╭─ Data provided

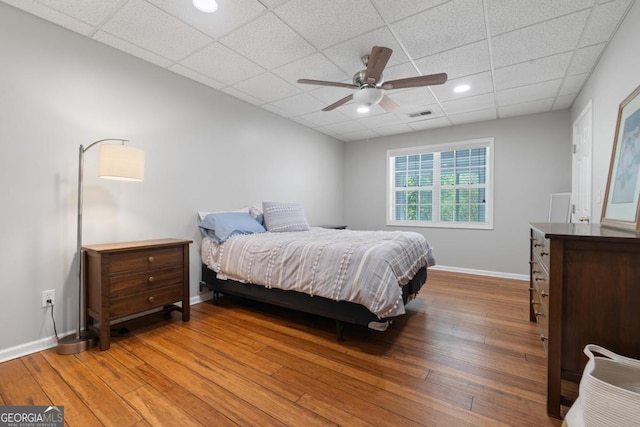 1081 Katherine Ln, Greensboro, GA 30642 - bedroom with visible vents, baseboards, ceiling fan, a paneled ceiling, and wood-type flooring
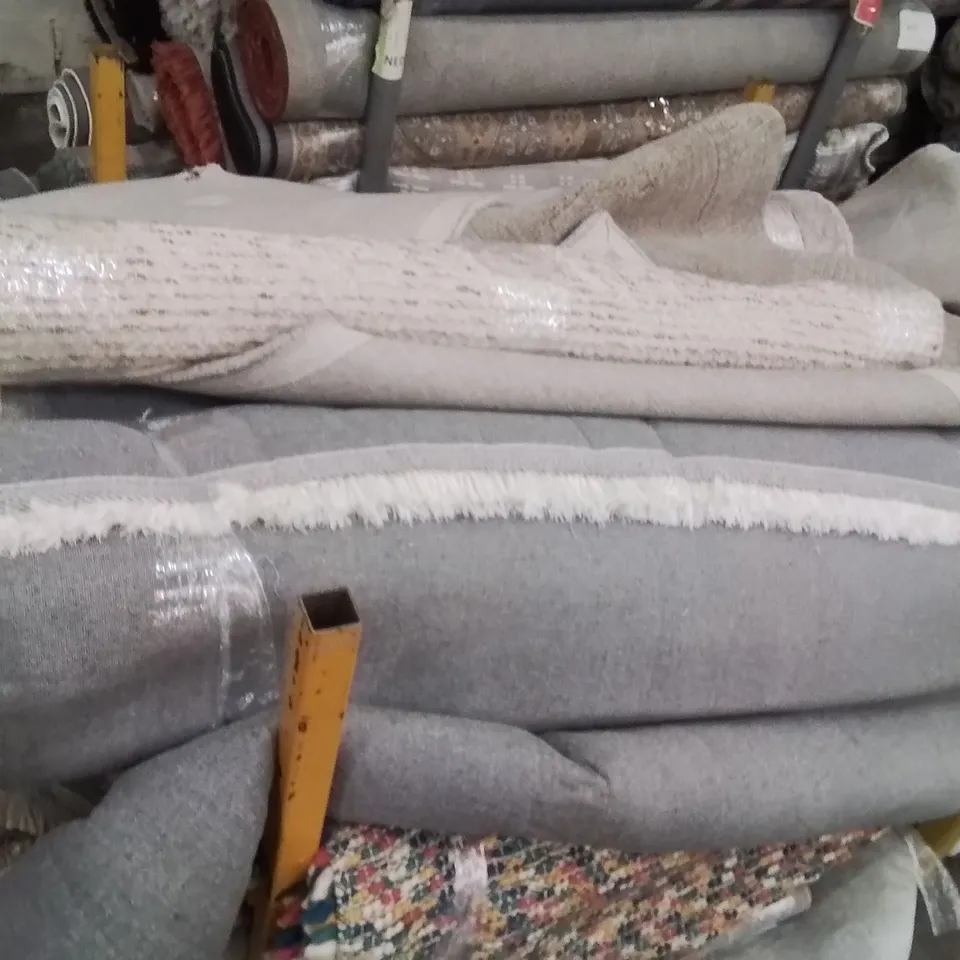 STILLAGE OF APPROXIMATELY 20 QUALITY DESIGNER RUGS
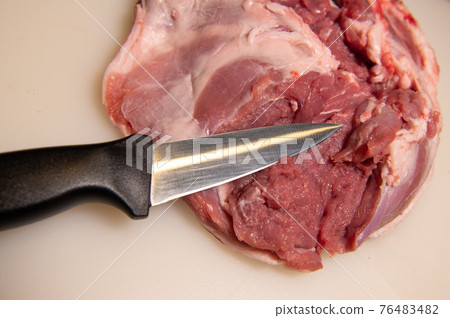 Boning a shoulder of lamb leg meat on a wooden tray, white background, Top view Boning a shoulder of lamb leg meat on a wooden tray, white background, Top view 76483482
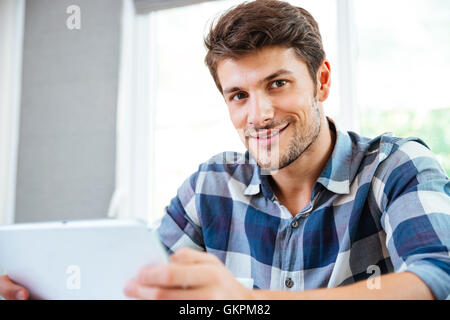 Portrait of happy young man in checkered shirt using tablet at home Stock Photo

╰─

[What is needed]
Copy exactly the lines running from the line with "Top view 76483482" to the final line of the listing, keeping both ends and dropping any picture.

[Response]
 Boning a shoulder of lamb leg meat on a wooden tray, white background, Top view Boning a shoulder of lamb leg meat on a wooden tray, white background, Top view 76483482
 Portrait of happy young man in checkered shirt using tablet at home Stock Photo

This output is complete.